The following general snippet in /etc/apache2/conf-enabled/000-pelargir.conf makes collectd-web available on all virtual hosts:

# ============================================================
# Settings for collectd-web
# ============================================================
Alias /collectd-web/ /var/www/collectd-web/
<Directory /var/www/collectd-web/>
  Require all granted
  Options Indexes FollowSymLinks MultiViews
  AllowOverride all
</Directory>


And that's it - virtually zero-conf on the part of collectd-web.


collectd2html.pl

When executed, collectd2html.pl generates a directory with graphs and a static HTML file which embeds those graphs.

In my tests, collectd2html.pl only produced empty graphs.


collection.cgi

collection.cgi generates graphs on the fly.

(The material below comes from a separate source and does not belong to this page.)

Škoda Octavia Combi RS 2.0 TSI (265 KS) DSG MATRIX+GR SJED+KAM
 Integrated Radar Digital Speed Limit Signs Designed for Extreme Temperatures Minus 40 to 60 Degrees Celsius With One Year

It requires the following perl Debian packages to be installed:

  • librrds-perl
  • liburi-perl
  • libhtml-parser-perl

Installation:

cp /usr/share/doc/collectd/examples/collection.cgi /usr/lib/cgi-bin
chmod +x /usr/lib/cgi-bin/collection.cgi

Access:


collection3

collection3 is the successor for collection.cgi. collection3 is an entire small package that consists of multiple files organised in several directories in a typical UNIX style (etc, bin, lib, ...)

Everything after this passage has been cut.